_EXERCISE DETAILS_
Retype all entries exactly, skipping pictures.
[SUPPLIED RECORDS — start]
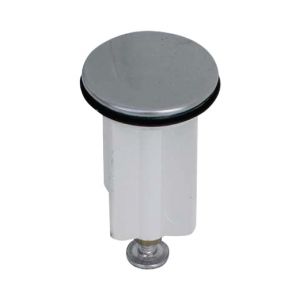 TAPPO SALTERELLO IN PVC - 1"1/4 - DM. 38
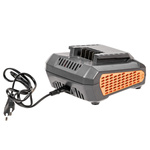 Ładowarka baterii Cedrus 2,5A 60V CHB2.5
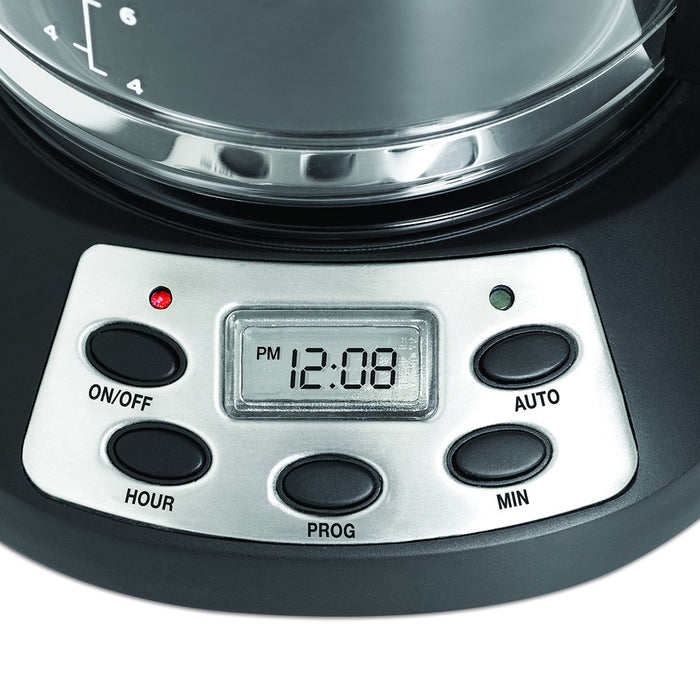 Cafetière Jumbo Java de Salton - FC1667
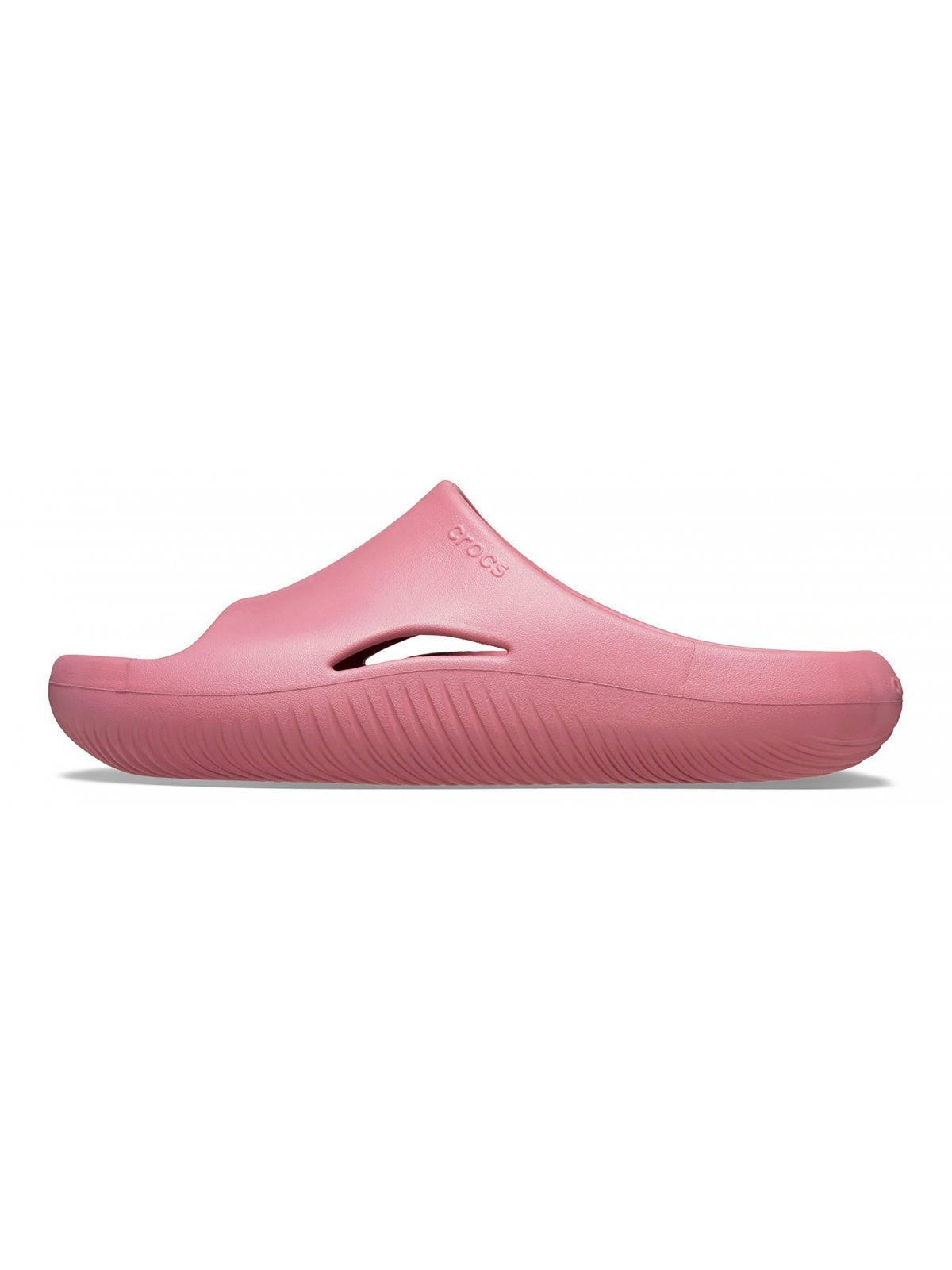 CROCS Ciabatta Donna Mellow slide 208392 5PG Rosa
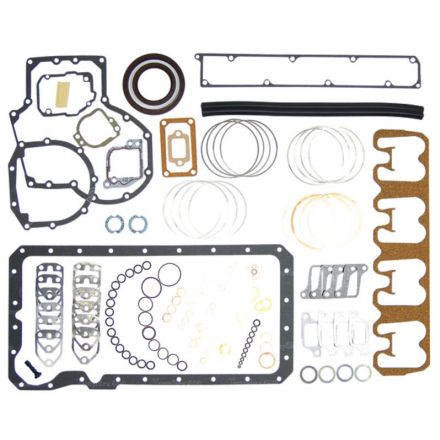 Zestaw uszczelek | 0.065.0050.6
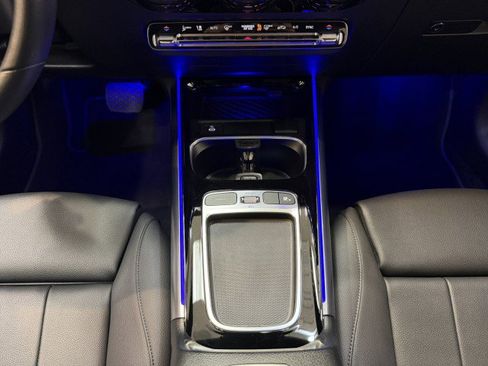 Certified 2025 Mercedes-Benz GLA 250 image 14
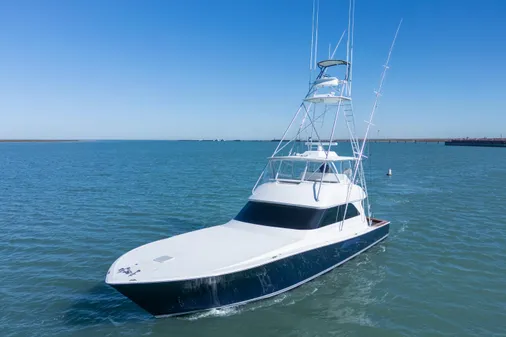 Viking Convertible image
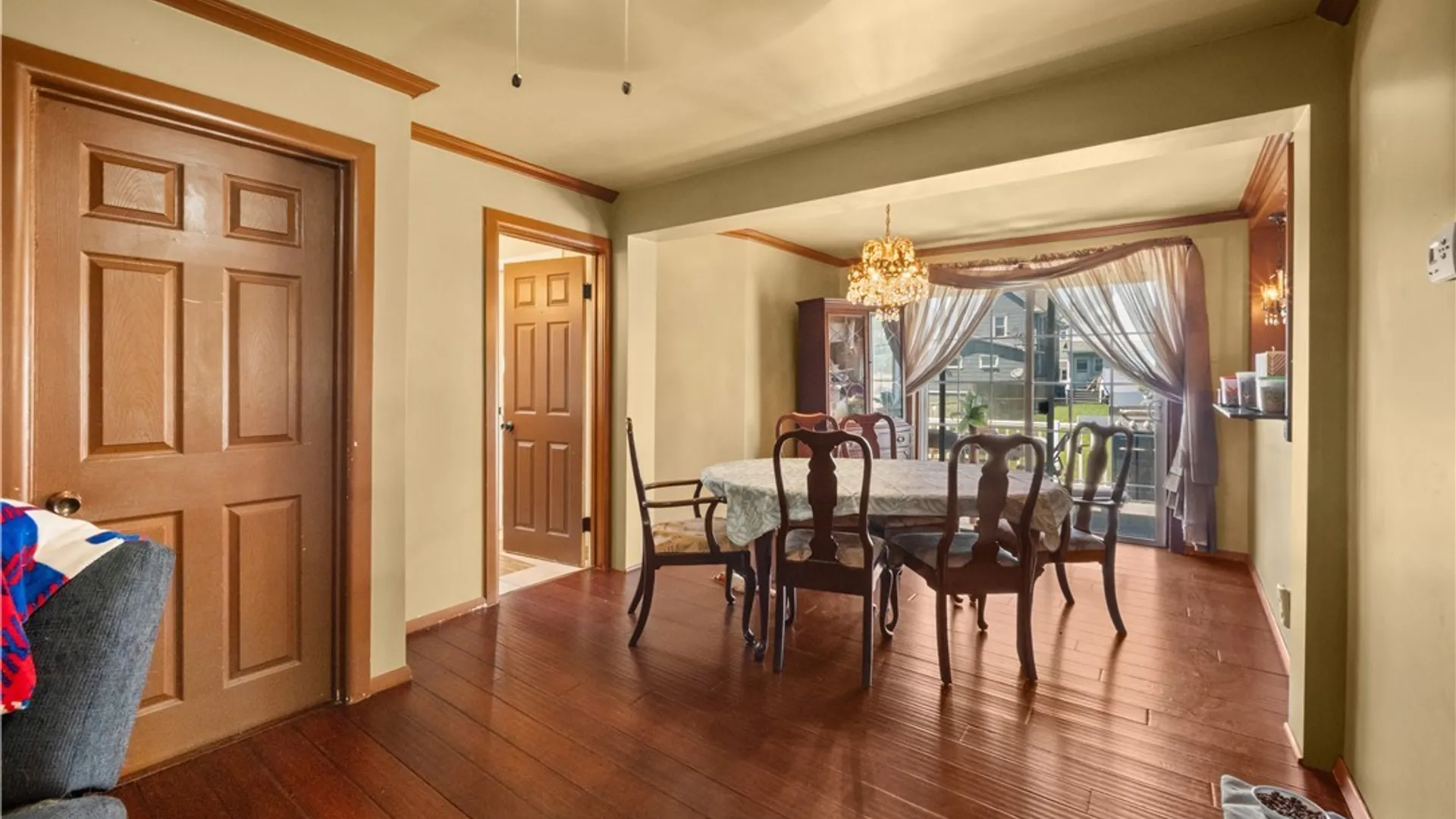 Property at 102 Dorrance Avenue, Buffalo, NY 14218 9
[SUPPLIED RECORDS — finish]
_RESULT OF THE TASK_
 TAPPO SALTERELLO IN PVC - 1"1/4 - DM. 38
 Ładowarka baterii Cedrus 2,5A 60V CHB2.5
 Cafetière Jumbo Java de Salton - FC1667
 CROCS Ciabatta Donna Mellow slide 208392 5PG Rosa
 Zestaw uszczelek | 0.065.0050.6
 Certified 2025 Mercedes-Benz GLA 250 image 14
 Viking Convertible image
 Property at 102 Dorrance Avenue, Buffalo, NY 14218 9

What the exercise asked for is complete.